Rishi orders police crackdown on vile antisemitic mobs
RISHI Sunak has ordered a police crackdown on “appalling” and “unacceptable” antisemitic protests.
The PM said he expects forces to use new powers amid a surge in threatening protests near Parliament, MPs’ offices and council chambers.
Pro-Palestine activists beamed the “genocidal, antisemitic” phrase “From the river to the sea, Palestine will be free” on to Big Ben on Wednesday night as police stood by.
MPs were debating a Gaza ceasefire motion at the time.
Commons Leader Penny Mordaunt has confirmed the authorities are investigating.
The Met Police were later accused of “normalising aggressive and offensive acts” over the slur.
Earlier this month pro-Palestinian protesters targeted the home of Tory MP Tobias Ellwood.

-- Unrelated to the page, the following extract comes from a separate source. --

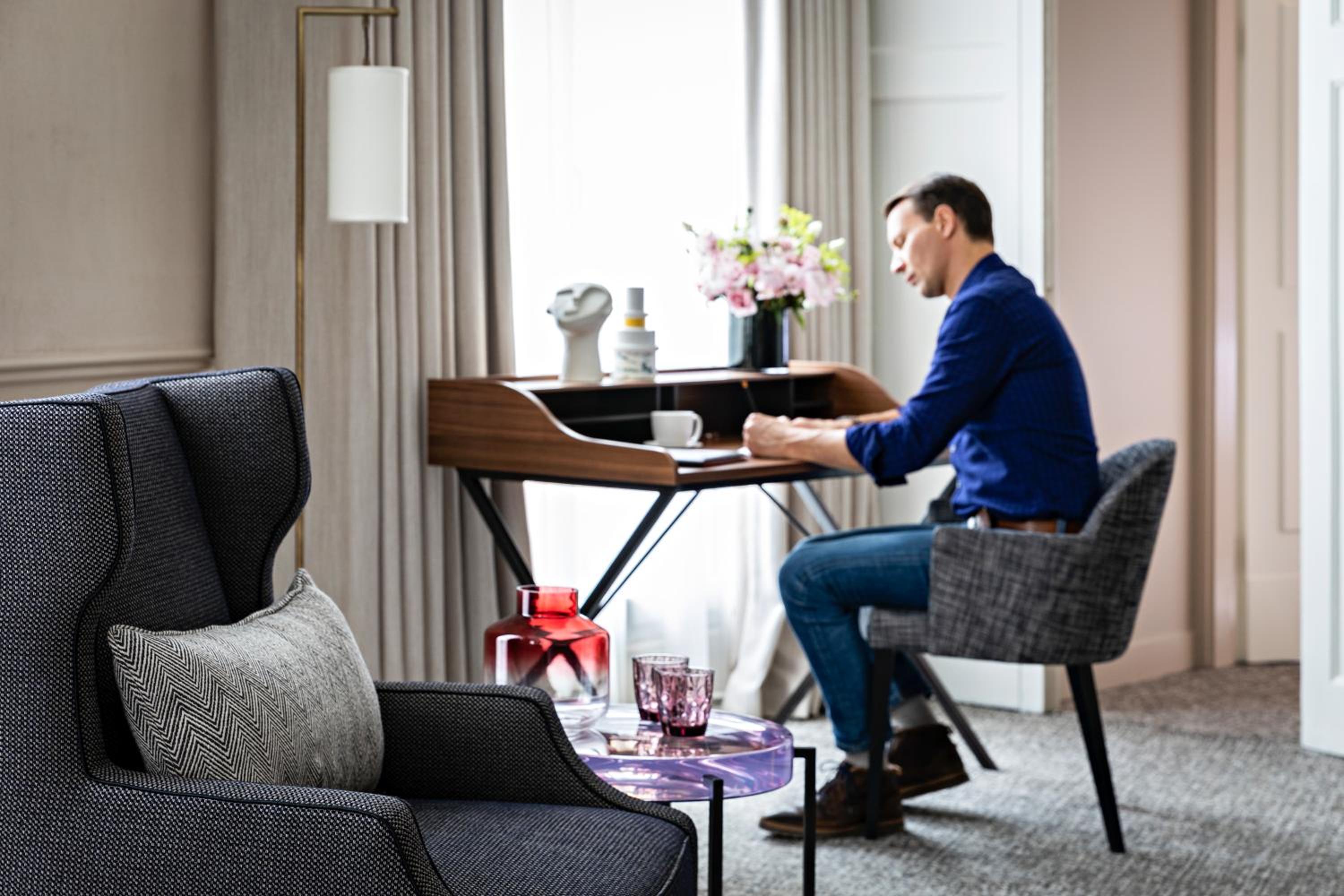 Suite Opéra avec 1 Lit King-Size et Grand Salon Séparé – Vue sur Boulevard ou Rue Scribe Suite Opéra avec 1 Lit King-Size et Grand Salon Séparé – Vue sur Boulevard ou Rue Scribe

Mr Sunak said it was “simply unacceptable” for intimidation to threaten democracy.
In North Wales yesterday, the PM said: “Some of the scenes we have been seeing in recent months, particularly antisemitic behaviour, are appalling and unacceptable.
Intimidation
“That is why we are giving the police more powers and I expect them to use them to make sure we clamp down on all of this.”
Home Secretary James Cleverly said it was “nonsense” for protesters targeting the homes of MPs to deny they were seeking to intimidate.
He said police already have the powers to stop such protests, adding: “And we also want them to understand that they have our backing when they use those powers.”
Mr Cleverly, pictured, added: “The only thing that politicians should fear is the ballot box.”
Two serving MPs – Labour’s Jo Cox and Conservative Sir David Amess – have been murdered in the past eight years.
Sir Lindsay Hoyle, the Commons Speaker who has faced calls to resign, said he went against convention
during the Gaza debate to widen discussion amid concern about intimidation towards some MPs.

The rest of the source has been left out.